■ TASK MATERIAL
[Start of Attachment]

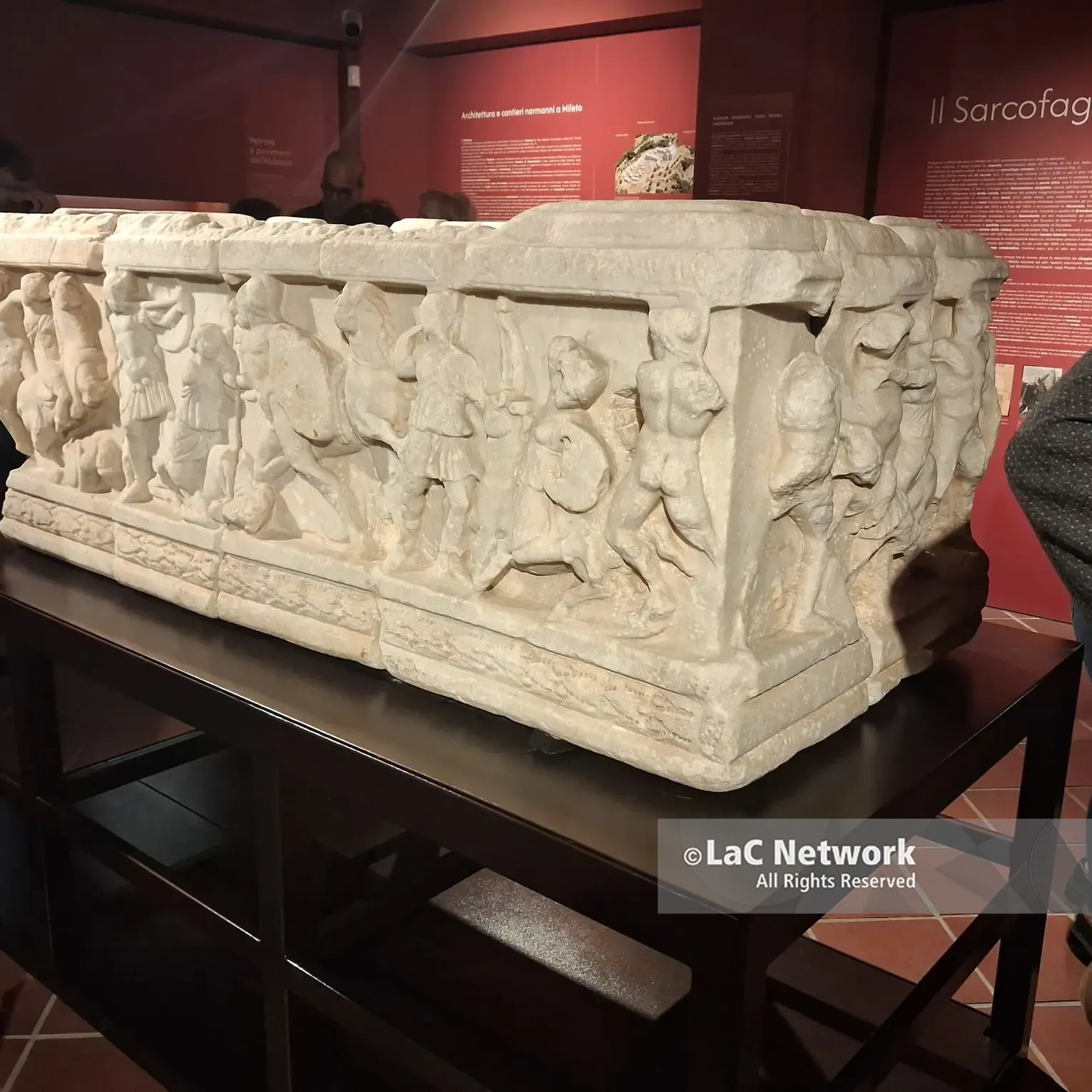 <p>Mileto, esposto il sarcofago di Eremburga: nel 2027 torna anche quello di Ruggero I d’Altavilla</p>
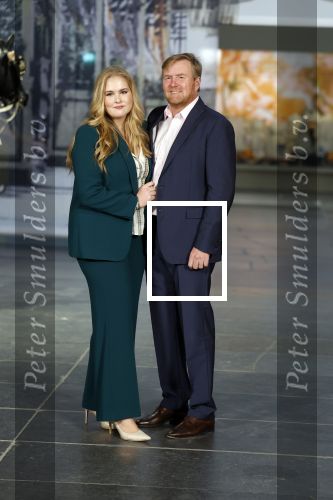Amsterdam 4 november 2022
Fotomoment met koninklijke familie in de nieuwe kerk waar op dit moment een expositie is van Prinses Juliana.
Aanwezig Koning Willem Alexander Koningin Maxima Prinses Amalia Prinses Ariane en Prinses Alexia.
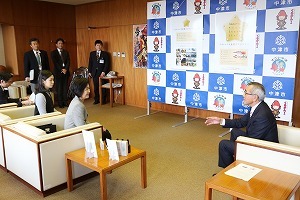 談笑する奥塚市長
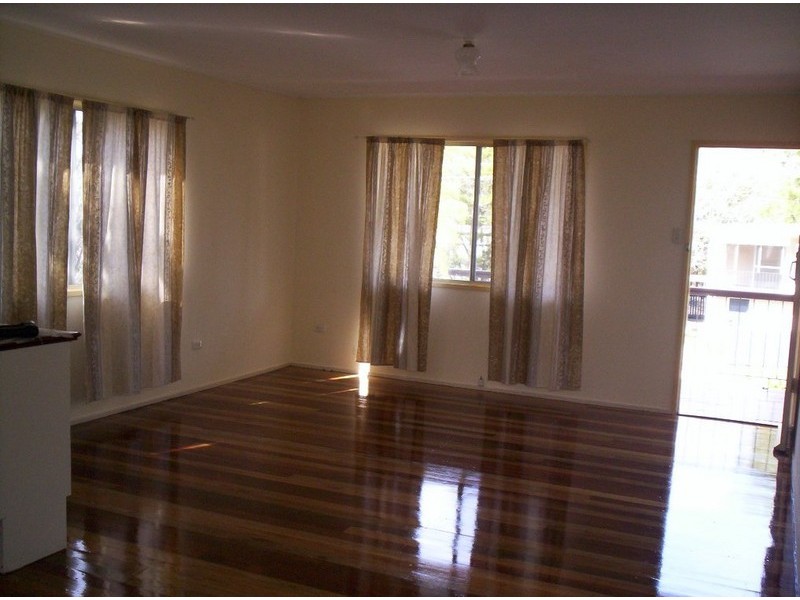 32 Maple Street, Kingston QLD 4114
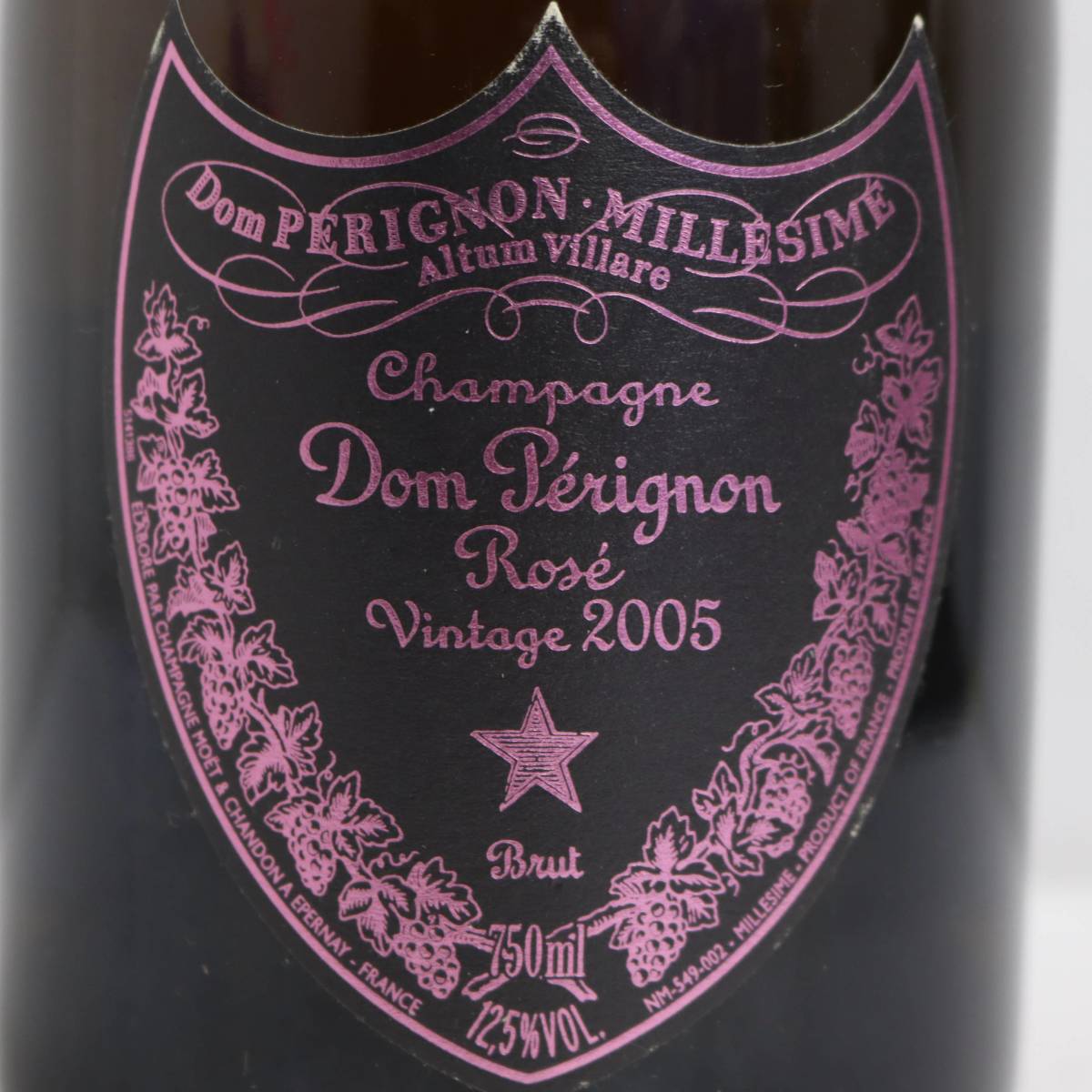 Dom perignon（ドンペリニヨン）ロゼ 2005 12.5％ 750ml ※キャップ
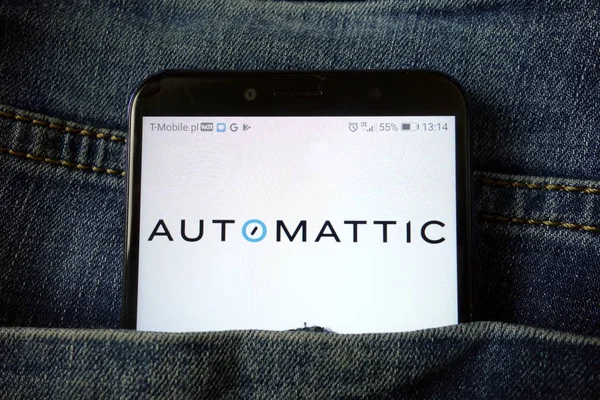 KONSKIE, POLONIA - 21 de diciembre de 2019: logotipo de Automattic Inc en el teléfono móvil —  Fotos de Stock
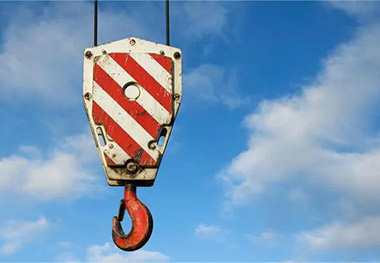 Inspection and wear prevention methods of truck crane hook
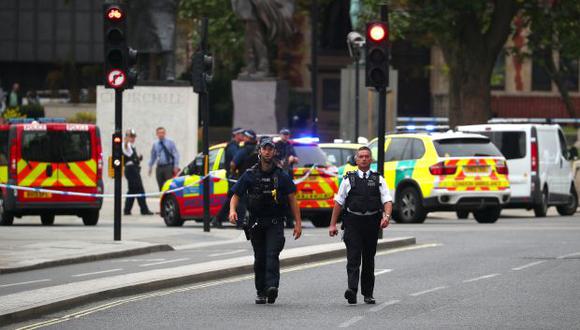 La policía armada custodia las calles después de que un automóvil se estrelló frente a las Casas del Parlamento en Westminster, Londres. (Foto: Reuters)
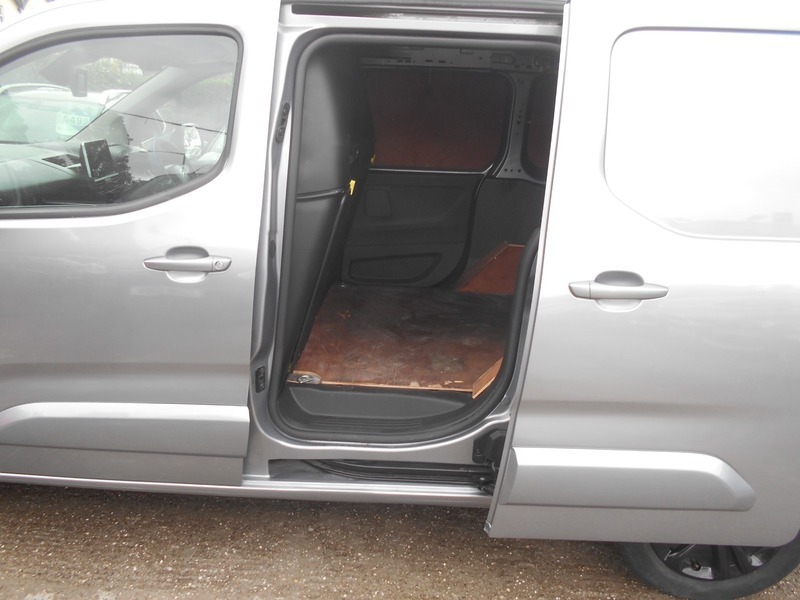 Citroen Berlingo Driver 1.5 Bluehdi 1000 #16
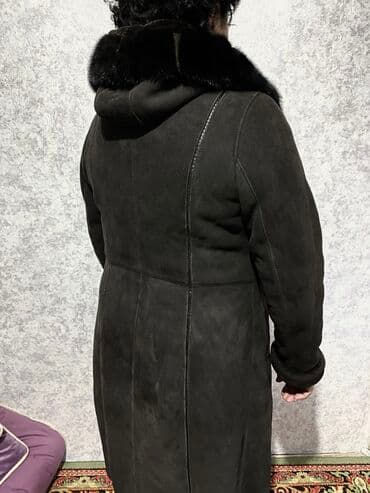 срочно продаю в связи с переездом: Продаю натуральную дубленку с натуральным мехом в отличном состоянии — 4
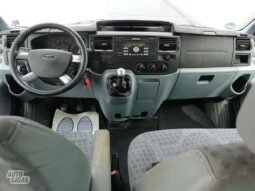 Ford Transit pilnas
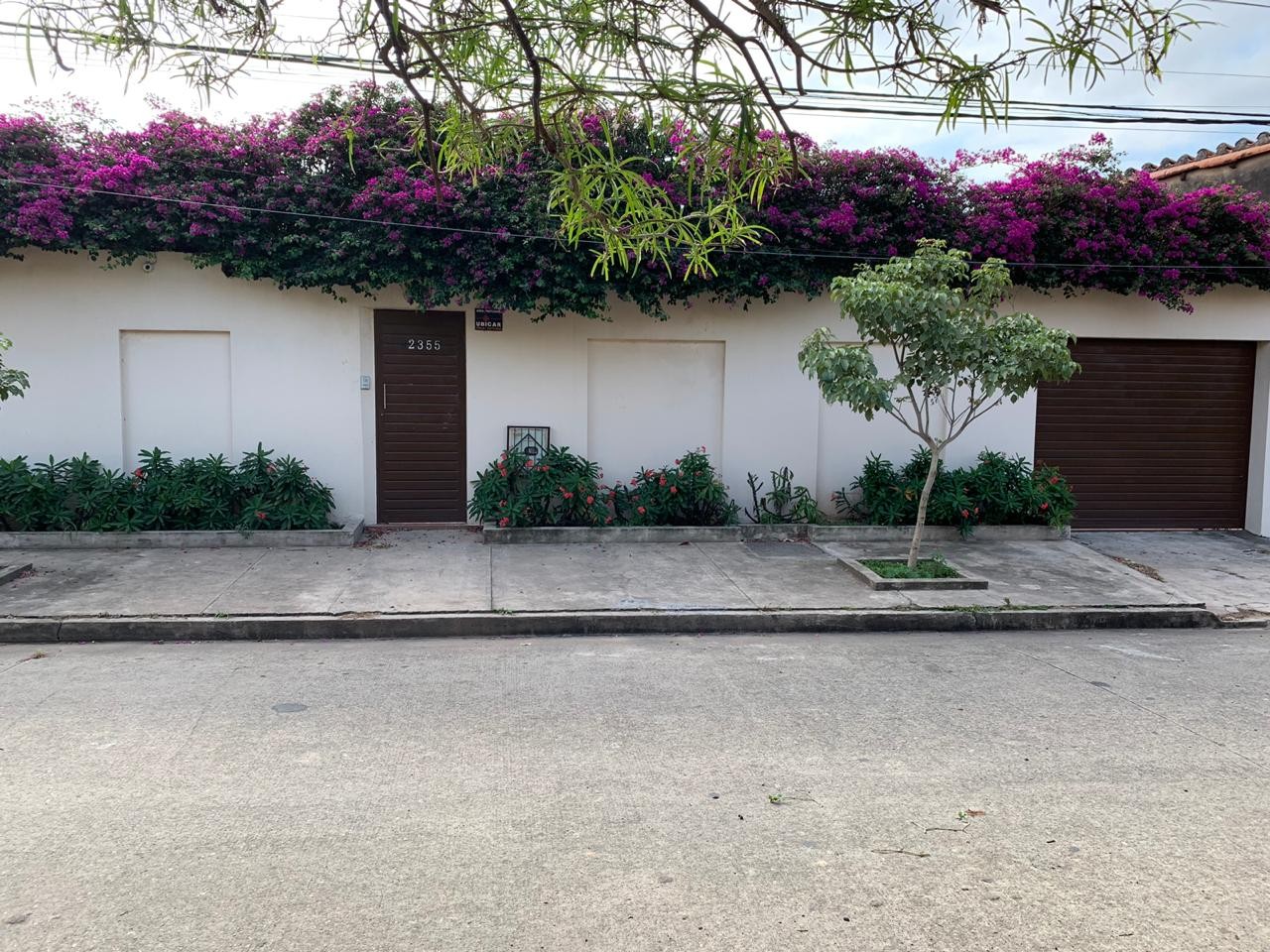 Casa Zona Este entre 2 y 3 anillo, entre avenidas mutualista y paragua. Barrio Los Ángeles  Foto 1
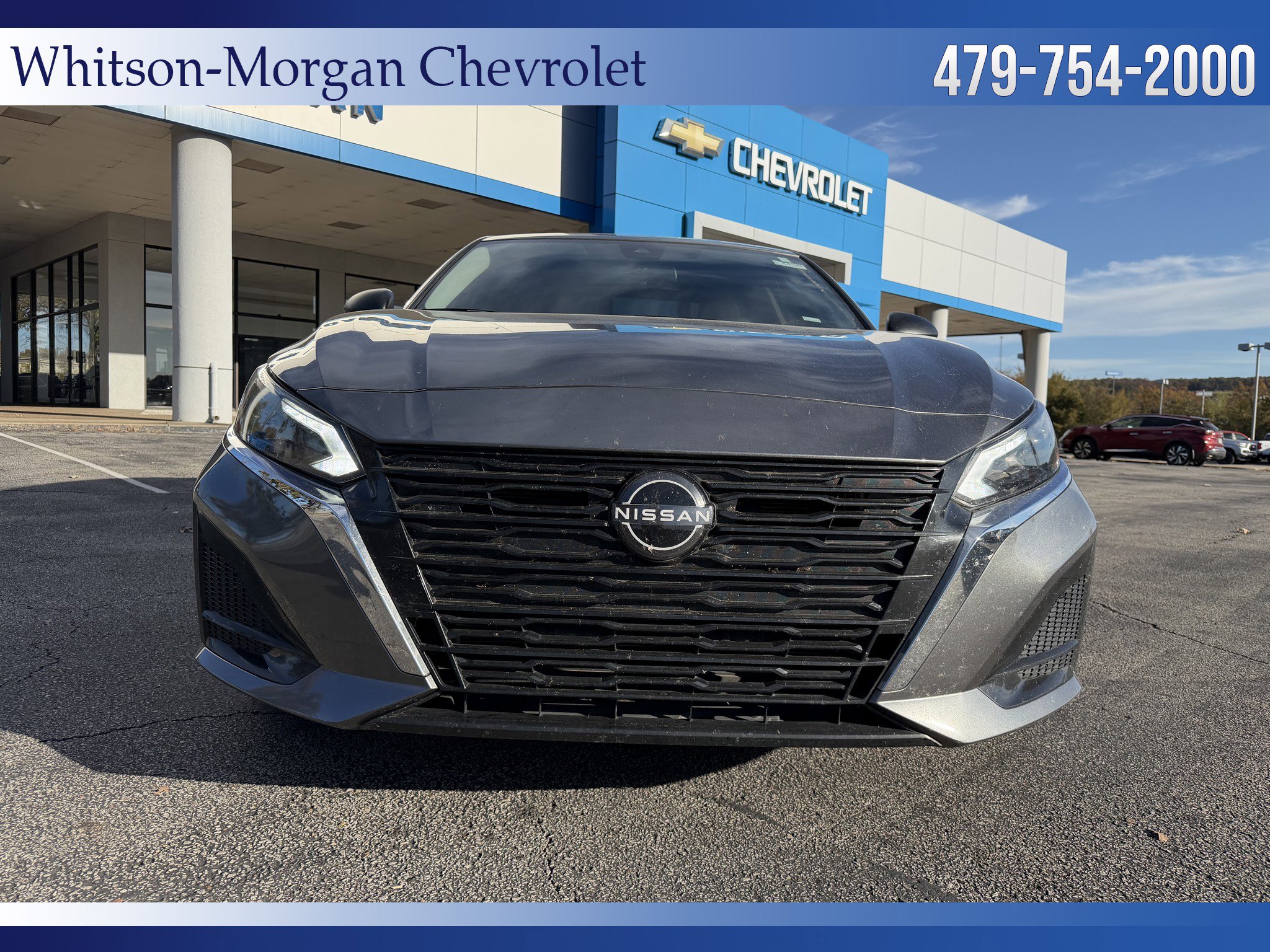 Used 2024 Nissan Altima 2.5 SV image 3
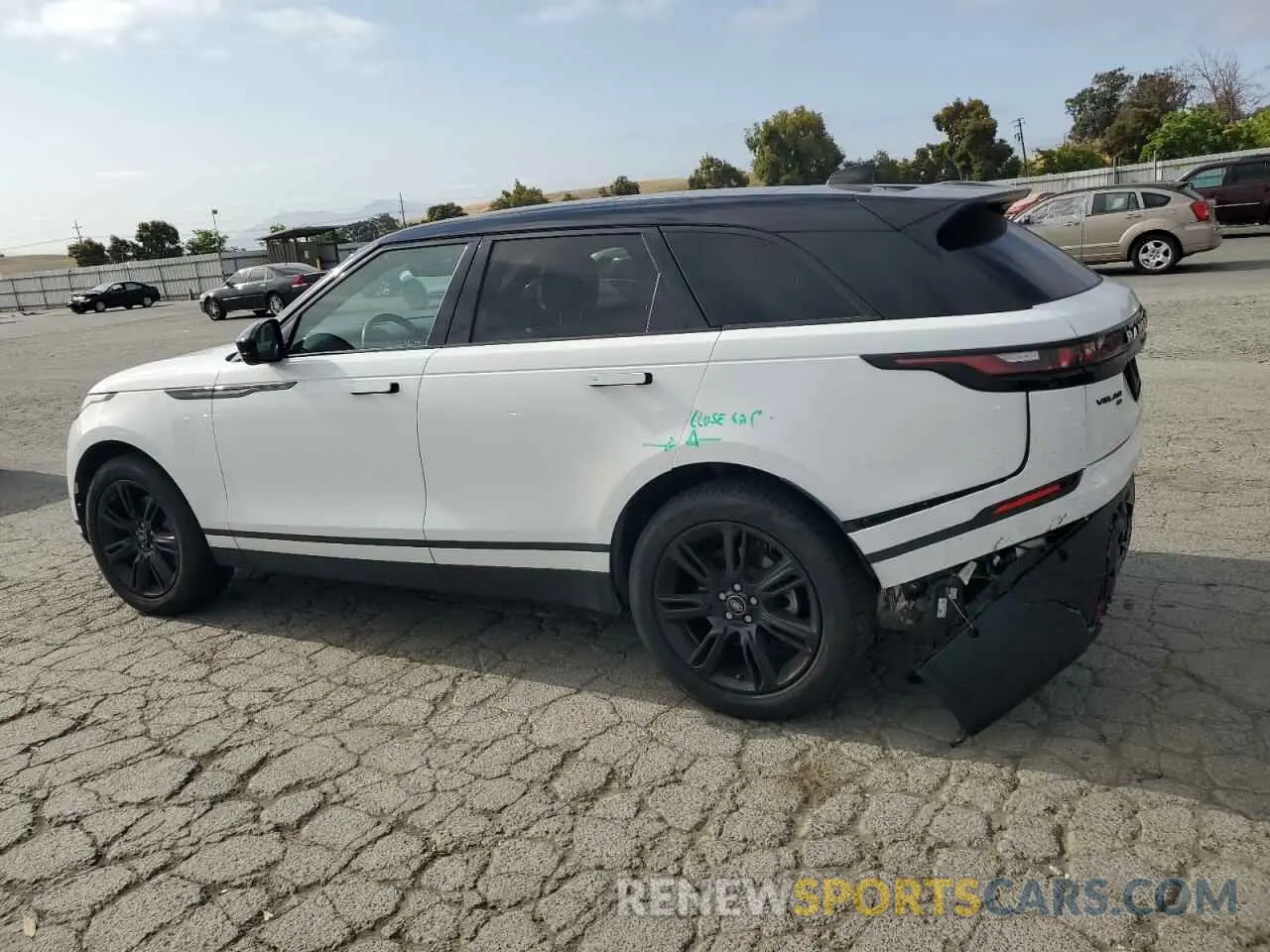2 Photograph of a damaged car SALYJ2EX1MA310393 LAND ROVER RANGEROVER 2021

[End of Attachment]

■ TASK INSTRUCTIONS
What is needed is a verbatim copy of the lines from the line with "32 Maple Street, Kingston QLD 4114" through the last line of the listing, pictures excluded.

■ RESPONSE BOX
 32 Maple Street, Kingston QLD 4114
 Dom perignon（ドンペリニヨン）ロゼ 2005 12.5％ 750ml ※キャップ
 KONSKIE, POLONIA - 21 de diciembre de 2019: logotipo de Automattic Inc en el teléfono móvil —  Fotos de Stock
 Inspection and wear prevention methods of truck crane hook
 La policía armada custodia las calles después de que un automóvil se estrelló frente a las Casas del Parlamento en Westminster, Londres. (Foto: Reuters)
 Citroen Berlingo Driver 1.5 Bluehdi 1000 #16
 срочно продаю в связи с переездом: Продаю натуральную дубленку с натуральным мехом в отличном состоянии — 4
 Ford Transit pilnas
 Casa Zona Este entre 2 y 3 anillo, entre avenidas mutualista y paragua. Barrio Los Ángeles  Foto 1
 Used 2024 Nissan Altima 2.5 SV image 3
2 Photograph of a damaged car SALYJ2EX1MA310393 LAND ROVER RANGEROVER 2021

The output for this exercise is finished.